• Task description: Below are some records; quote exactly the lines from the one that contains "Elegant 4-Bedroom Designer" through the one that contains "2020 NISSAN ROGUE S photo 5", inclusive, and no others.
====================
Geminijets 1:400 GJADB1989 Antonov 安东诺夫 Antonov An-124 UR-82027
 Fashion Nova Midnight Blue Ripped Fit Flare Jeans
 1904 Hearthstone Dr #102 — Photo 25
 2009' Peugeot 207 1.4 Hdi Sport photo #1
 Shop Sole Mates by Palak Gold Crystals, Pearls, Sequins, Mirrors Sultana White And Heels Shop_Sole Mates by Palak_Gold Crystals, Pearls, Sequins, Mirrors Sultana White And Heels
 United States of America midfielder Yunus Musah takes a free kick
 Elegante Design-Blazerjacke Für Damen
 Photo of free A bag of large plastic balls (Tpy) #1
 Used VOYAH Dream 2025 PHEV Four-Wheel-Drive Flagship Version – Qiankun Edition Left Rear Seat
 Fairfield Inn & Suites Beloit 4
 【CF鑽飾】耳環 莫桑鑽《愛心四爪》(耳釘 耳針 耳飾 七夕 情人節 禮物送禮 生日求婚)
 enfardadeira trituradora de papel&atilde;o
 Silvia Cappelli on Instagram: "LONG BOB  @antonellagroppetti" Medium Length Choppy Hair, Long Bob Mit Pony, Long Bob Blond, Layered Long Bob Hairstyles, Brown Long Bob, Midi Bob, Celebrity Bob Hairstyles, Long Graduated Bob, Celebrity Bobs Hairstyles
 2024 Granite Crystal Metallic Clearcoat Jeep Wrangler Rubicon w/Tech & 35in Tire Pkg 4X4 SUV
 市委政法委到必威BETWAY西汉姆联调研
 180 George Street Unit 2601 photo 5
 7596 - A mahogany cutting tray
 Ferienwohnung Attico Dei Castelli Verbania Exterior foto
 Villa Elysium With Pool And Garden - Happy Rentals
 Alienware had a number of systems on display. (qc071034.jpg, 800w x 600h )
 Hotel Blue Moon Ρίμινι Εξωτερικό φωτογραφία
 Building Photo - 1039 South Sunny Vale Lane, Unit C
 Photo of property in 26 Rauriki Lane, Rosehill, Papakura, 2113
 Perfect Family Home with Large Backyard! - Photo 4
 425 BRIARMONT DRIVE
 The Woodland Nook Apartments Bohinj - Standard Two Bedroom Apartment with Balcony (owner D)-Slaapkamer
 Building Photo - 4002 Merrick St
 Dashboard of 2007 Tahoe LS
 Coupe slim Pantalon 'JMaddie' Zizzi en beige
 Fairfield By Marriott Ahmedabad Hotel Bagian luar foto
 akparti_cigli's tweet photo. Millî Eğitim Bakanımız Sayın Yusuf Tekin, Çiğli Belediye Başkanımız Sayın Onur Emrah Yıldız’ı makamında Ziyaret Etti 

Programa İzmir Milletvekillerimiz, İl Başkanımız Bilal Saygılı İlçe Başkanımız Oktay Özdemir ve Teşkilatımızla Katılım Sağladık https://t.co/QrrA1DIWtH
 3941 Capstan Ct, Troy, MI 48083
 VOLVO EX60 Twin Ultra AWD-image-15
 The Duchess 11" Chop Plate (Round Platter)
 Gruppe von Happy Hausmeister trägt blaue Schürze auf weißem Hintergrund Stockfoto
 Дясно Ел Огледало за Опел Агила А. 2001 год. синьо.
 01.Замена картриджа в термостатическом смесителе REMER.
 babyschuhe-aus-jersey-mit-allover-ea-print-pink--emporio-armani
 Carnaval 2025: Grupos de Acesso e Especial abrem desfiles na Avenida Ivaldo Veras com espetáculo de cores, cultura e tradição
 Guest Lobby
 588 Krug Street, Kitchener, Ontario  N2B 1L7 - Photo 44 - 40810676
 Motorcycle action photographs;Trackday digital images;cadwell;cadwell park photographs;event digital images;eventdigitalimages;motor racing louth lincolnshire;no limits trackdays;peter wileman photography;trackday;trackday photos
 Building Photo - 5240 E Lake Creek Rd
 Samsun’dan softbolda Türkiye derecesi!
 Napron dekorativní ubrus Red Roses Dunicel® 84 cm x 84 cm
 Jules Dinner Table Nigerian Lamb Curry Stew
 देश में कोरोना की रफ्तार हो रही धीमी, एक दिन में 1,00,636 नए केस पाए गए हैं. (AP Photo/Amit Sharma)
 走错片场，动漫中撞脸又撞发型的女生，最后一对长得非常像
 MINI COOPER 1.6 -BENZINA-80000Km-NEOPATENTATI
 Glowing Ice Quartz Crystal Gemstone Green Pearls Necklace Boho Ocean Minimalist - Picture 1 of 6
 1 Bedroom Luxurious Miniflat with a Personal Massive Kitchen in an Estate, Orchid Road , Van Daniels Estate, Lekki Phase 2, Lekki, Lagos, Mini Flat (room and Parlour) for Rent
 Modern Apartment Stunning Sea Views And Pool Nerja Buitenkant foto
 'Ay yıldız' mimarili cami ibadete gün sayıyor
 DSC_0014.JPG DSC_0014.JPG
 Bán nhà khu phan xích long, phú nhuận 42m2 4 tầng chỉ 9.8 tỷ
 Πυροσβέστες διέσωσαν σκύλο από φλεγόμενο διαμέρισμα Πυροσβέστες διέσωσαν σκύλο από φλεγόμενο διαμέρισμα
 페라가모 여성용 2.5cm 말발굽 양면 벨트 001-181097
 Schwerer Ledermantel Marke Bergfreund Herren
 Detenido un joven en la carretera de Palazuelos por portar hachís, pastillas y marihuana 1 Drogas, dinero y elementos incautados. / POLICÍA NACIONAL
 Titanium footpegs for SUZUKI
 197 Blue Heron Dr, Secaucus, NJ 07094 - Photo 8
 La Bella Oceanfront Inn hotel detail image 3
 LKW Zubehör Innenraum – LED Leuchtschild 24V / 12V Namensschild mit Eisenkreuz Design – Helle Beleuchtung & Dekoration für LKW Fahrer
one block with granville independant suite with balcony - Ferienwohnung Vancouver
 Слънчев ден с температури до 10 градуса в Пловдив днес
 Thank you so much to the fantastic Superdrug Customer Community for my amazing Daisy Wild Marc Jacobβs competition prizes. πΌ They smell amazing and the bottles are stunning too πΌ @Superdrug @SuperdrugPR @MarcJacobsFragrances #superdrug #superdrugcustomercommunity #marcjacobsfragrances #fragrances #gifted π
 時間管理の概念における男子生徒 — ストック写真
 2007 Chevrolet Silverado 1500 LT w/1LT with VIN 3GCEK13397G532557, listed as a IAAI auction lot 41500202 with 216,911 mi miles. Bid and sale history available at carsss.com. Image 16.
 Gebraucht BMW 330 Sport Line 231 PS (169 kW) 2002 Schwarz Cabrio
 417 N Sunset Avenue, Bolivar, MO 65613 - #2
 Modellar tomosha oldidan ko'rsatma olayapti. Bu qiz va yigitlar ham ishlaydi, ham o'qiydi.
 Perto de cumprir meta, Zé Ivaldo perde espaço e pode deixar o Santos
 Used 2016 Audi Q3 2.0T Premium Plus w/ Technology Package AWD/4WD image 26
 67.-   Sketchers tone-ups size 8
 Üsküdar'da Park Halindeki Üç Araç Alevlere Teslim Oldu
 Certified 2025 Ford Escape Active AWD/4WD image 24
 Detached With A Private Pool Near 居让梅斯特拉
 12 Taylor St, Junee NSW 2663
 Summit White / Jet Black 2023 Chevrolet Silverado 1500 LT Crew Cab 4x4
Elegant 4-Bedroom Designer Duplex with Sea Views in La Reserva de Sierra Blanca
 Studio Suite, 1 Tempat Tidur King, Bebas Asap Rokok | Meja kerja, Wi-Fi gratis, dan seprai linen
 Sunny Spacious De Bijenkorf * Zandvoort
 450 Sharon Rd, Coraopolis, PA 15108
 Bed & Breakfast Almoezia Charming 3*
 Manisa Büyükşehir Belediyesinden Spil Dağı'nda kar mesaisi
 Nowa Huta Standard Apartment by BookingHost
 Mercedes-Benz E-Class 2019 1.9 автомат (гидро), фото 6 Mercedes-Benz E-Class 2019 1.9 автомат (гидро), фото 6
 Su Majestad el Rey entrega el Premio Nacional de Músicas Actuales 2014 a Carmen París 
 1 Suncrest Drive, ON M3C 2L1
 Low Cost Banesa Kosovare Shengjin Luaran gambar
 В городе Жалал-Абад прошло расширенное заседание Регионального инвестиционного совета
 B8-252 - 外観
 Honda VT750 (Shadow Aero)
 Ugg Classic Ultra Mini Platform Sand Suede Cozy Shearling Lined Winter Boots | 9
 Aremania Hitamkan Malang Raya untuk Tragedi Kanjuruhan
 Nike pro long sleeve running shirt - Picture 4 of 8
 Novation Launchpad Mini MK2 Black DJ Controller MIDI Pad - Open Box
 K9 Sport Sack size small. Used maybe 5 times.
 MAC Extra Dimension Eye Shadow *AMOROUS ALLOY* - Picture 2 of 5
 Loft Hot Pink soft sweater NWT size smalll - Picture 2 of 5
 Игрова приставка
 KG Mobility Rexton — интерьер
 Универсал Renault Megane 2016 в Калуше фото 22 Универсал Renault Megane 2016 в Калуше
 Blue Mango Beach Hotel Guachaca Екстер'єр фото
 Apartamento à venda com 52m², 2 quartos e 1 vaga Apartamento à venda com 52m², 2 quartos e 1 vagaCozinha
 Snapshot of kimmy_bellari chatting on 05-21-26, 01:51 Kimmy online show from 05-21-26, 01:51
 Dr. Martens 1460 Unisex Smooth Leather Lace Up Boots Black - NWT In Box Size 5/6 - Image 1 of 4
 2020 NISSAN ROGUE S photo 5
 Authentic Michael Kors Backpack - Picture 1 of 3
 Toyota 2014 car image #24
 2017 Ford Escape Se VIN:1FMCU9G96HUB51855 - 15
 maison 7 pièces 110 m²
====================
• Output below:
Elegant 4-Bedroom Designer Duplex with Sea Views in La Reserva de Sierra Blanca
 Studio Suite, 1 Tempat Tidur King, Bebas Asap Rokok | Meja kerja, Wi-Fi gratis, dan seprai linen
 Sunny Spacious De Bijenkorf * Zandvoort
 450 Sharon Rd, Coraopolis, PA 15108
 Bed & Breakfast Almoezia Charming 3*
 Manisa Büyükşehir Belediyesinden Spil Dağı'nda kar mesaisi
 Nowa Huta Standard Apartment by BookingHost
 Mercedes-Benz E-Class 2019 1.9 автомат (гидро), фото 6 Mercedes-Benz E-Class 2019 1.9 автомат (гидро), фото 6
 Su Majestad el Rey entrega el Premio Nacional de Músicas Actuales 2014 a Carmen París 
 1 Suncrest Drive, ON M3C 2L1
 Low Cost Banesa Kosovare Shengjin Luaran gambar
 В городе Жалал-Абад прошло расширенное заседание Регионального инвестиционного совета
 B8-252 - 外観
 Honda VT750 (Shadow Aero)
 Ugg Classic Ultra Mini Platform Sand Suede Cozy Shearling Lined Winter Boots | 9
 Aremania Hitamkan Malang Raya untuk Tragedi Kanjuruhan
 Nike pro long sleeve running shirt - Picture 4 of 8
 Novation Launchpad Mini MK2 Black DJ Controller MIDI Pad - Open Box
 K9 Sport Sack size small. Used maybe 5 times.
 MAC Extra Dimension Eye Shadow *AMOROUS ALLOY* - Picture 2 of 5
 Loft Hot Pink soft sweater NWT size smalll - Picture 2 of 5
 Игрова приставка
 KG Mobility Rexton — интерьер
 Универсал Renault Megane 2016 в Калуше фото 22 Универсал Renault Megane 2016 в Калуше
 Blue Mango Beach Hotel Guachaca Екстер'єр фото
 Apartamento à venda com 52m², 2 quartos e 1 vaga Apartamento à venda com 52m², 2 quartos e 1 vagaCozinha
 Snapshot of kimmy_bellari chatting on 05-21-26, 01:51 Kimmy online show from 05-21-26, 01:51
 Dr. Martens 1460 Unisex Smooth Leather Lace Up Boots Black - NWT In Box Size 5/6 - Image 1 of 4
 2020 NISSAN ROGUE S photo 5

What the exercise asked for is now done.